How can I explain this solution in an interview? Focus on: (1) modeling the state with dynamic programming, (2) framing the steal vs. open decision as a comparison of known vs. expected value, and (3) discussing how you would compute or simulate the optimal strategy. Use small N examples to illustrate your reasoning, and be clear about any assumptions.
What if players are not risk-neutral? If players are risk-averse, they may prefer a guaranteed moderate gift over the chance of a high or low one. The expected value maximization should then be replaced by maximizing expected utility, which is a function of both the value and the player’s risk preferences.

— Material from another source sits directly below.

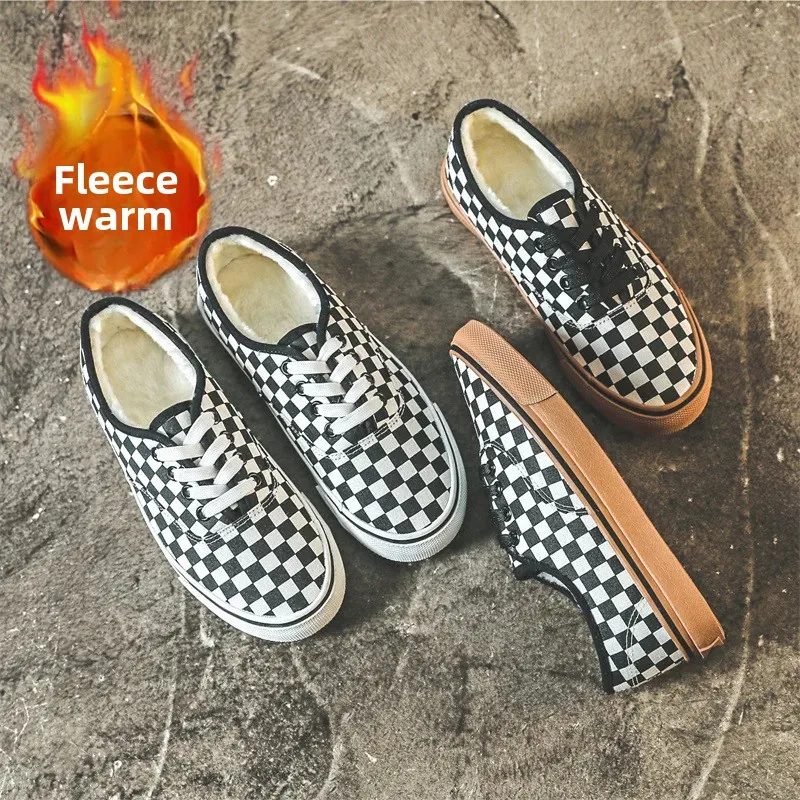 2021 Autunno/Inverno Nuovo Stile Stile Britannico Plaid Nero Bianco Plaid Testa Rotonda Versatile Fondo Piatto Scarpe Canva Per Le Donne 2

References and Further Reading


Summary

The Jane Street Quantitative Trader Interview Question: White Elephant Game Optimal Strategy is a quintessential example of sequential decision making under uncertainty. The key is to use a recursive, dynamic programming approach to compare the best revealed gift to the expected value from opening a new one, and to make your move accordingly. Mastering problems like this is vital for quant interviews and for developing the mindset required for success in high-stakes trading environments.

If you’re preparing for interviews, practice explaining your thought process, and if you want to confirm your intuition, use simulation code like the example above to experiment with different rules and distributions!